On 31-Aug-2016 13:48 -0600, John Yeung wrote:
On Wed, 31-Aug-2016 at 14:12, (WalzCraft) Jerry Forss wrote:
On 31-Aug-2016 12:54 -0600, MichaelQuigley wrote:
On Wed 31 Aug 2016 10:41:44 -0400 John Yeung wrote:
Why can't he use the "big character string" approach with
POSSTR or LOCATE as Glenn suggested?
(And please note that I'm not asking why it's not the *best*
way; I'm merely asking why it's not *a* way.)
It could be "a" way, but you would have to be careful how your
"big character string" is formatted. It might not work because
POSSTR and LOCATE will find the position of any occurrence of a
string, not necessarily the key value for which you're looking.
e.g. If you're searching the following string of three character
values
'ABCDEFGHI' i.e., values of 'ABC','DEF', and 'GHI'
If you test for 'CDE', POSSTR and/or LOCATE will say it's there
and it is--in position 3. But it isn't really one of the values
you intended. Now if your "big character string" is delimited
(using any delimiter -- it doesn't really matter what) it would
work. e.g. 'ABC,DEF|GHI'.
This would be an issue for what I am doing.
Some of the values will be MLMD, MLDM and MLD.
So scanning for a value of MLD may give a false positive.
A set of sufficiently dissimilar fixed-width elements could still be
processed without problems; for which an exhaustive test could be
performed against a given set. With the very simple example shown, the
issue of a false-positive is easily overcome by coding the selection to
the actual size; i.e. as 4-byte elements, a 3-byte value would be
searched as the blank-padded value.
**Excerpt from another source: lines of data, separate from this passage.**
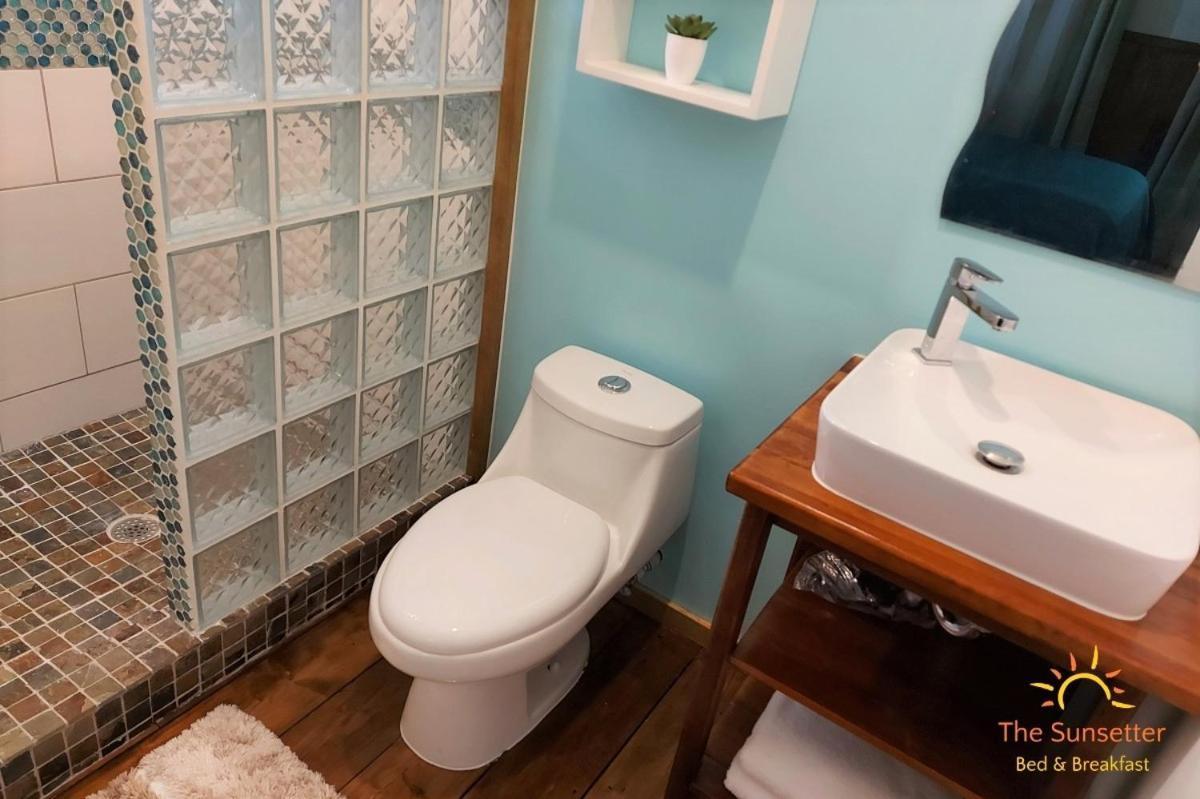The Sunsetter Bed & Breakfast Bocas Town Bagian luar foto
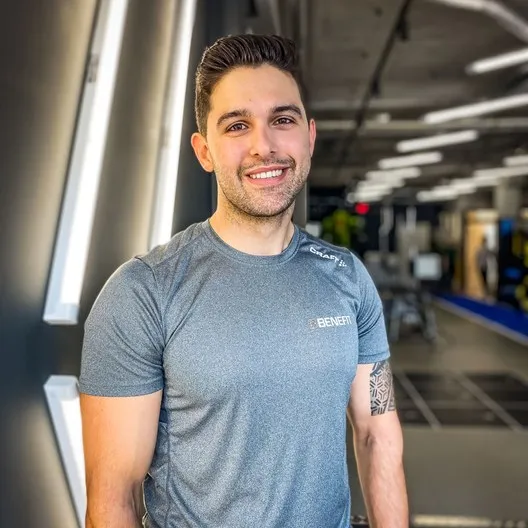 Nebi Tasbas, studiomanager en personal trainer bij BeneFIT Studio, in de studio in Scheveningen. Fotografie door Fitbrand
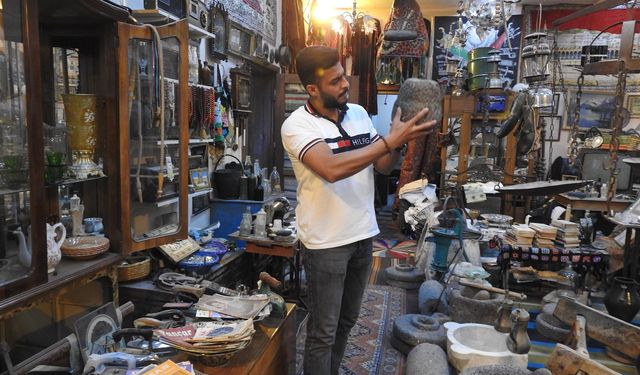 Antika eşyalar geçmişe ışık tutuyor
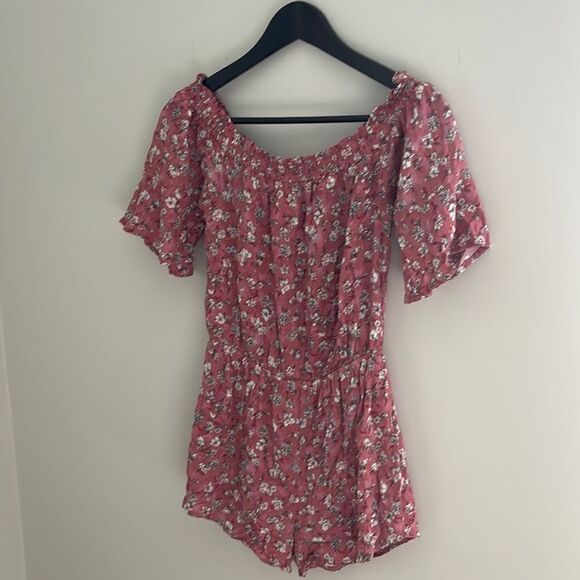 Aeropostale Floral Romper Size Small. Dusty Rose - Picture 1 of 7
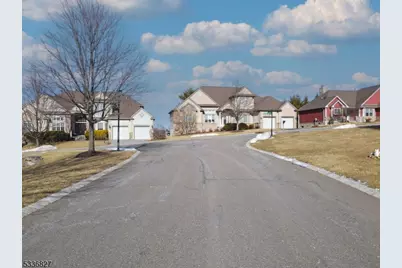 3 Wentworth Ct, Hardyston Township, NJ 07419 - Photo 4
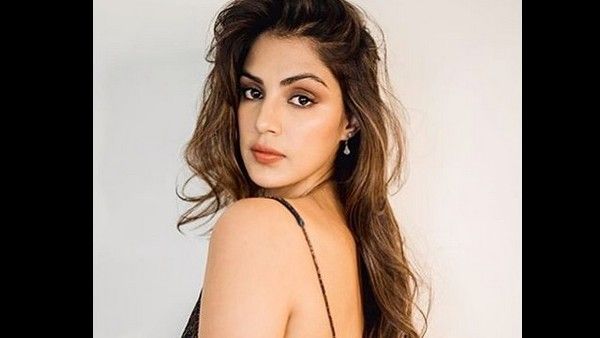 Sushant Singh Rajput's Death Case: SC To Hear Rhea Chakraborty's Transfer Plea On August 11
So if in the above example the
elements are four-characters each, then when the element 'MLD␢' ["␢"
represents the blank-pad] is desired, then actually code the scalar to
locate that value *with the blank included\mandatory*; e.g. as coded
here, using the CHAR casting scalar, to avoid any issues with visibility
of a blank:
stringAsArrayOf4byteElems='MLMDMLDMMLD MORE'
; -- align under 2nd arg/* ...4...8..12..16 */
exec sql set intVariable =
locate( CHAR('MLD', 4), :stringAsArrayOf4byteElems)
; -- result: intVariable=9 /* The desired effect */
exec sql set intVariable =
locate( 'MLD' ), :stringAsArrayOf4byteElems)
; -- result: intVariable=5 /* Undesirable effect */
It wouldn't, if you took the appropriate precautions for the format
of the data.
The example you started with was minimal, so I couldn't tell if it
was space-delimited or fixed-width.
If fixed-width, then you would want to divide the result of your
scan by the element size, and you only have a match if the remainder
is 1.
While that logic could be programmed, that is not something that can
be done so directly\easily within the query itself; i.e. neither LOCATE
nor POSSTR have a related LOCATE_ON_BOUNDARY or POSSTR_ON_BOUDARY scalar
or an additional argument to specify a restriction on what boundary a
searched token must be aligned. Not even the newer LOCATE_IN_STRING
[aka InStr] offers that capability; instead, expecting\supporting the
user knowing which occurrence is sought, but that would allow coding
multiple requests within a CASE expression to accommodate elimination of
that number of potential false-positives.
What I am suggesting, is, that the following predicate would
incorrectly conclude that the searched value is _missing_ due to the
searched value being located off-bounds\alignment at position-4, when in
fact, the 4-byte value *is present* at the properly aligned position-9;
lacking an ability to code [loop] logic in the predicate or scalar, to
keep looking for the correct occurrence, although such work could be
offloaded to a User Defined Function (UDF) [table or scalar]:
WHERE MOD(LOCATE('MLDX', 'MLDMLDXDMLDX'), 4) = 1
-- align under 2nd arg /* ...4...8..12 */
If delimited (by anything, including spaces), then you would first of
all want to ensure you have a delimiter at the beginning of every
field (so one extra one at the beginning) or at the end (so one extra
one at the end). Then include the delimiter in your scan.
So, scanning is still doable, but how convenient it is depends on how
the data in the big string is formatted.
Easily the better choice, for enabling the use of the LOCATE or
POSSTR [etc.], and also for use with a LIKE predicate. But if the data
is not already stored delimited, and is already stored as contiguous
array-like elements, then the ease with which that data can be
generated\rewritten into a true-temporary table makes that an easy way
to locate, whilst allowing for the IN predicate from the original query
to remain, but with that temporary table referenced in a subquery [see
my next reply to this topic thread].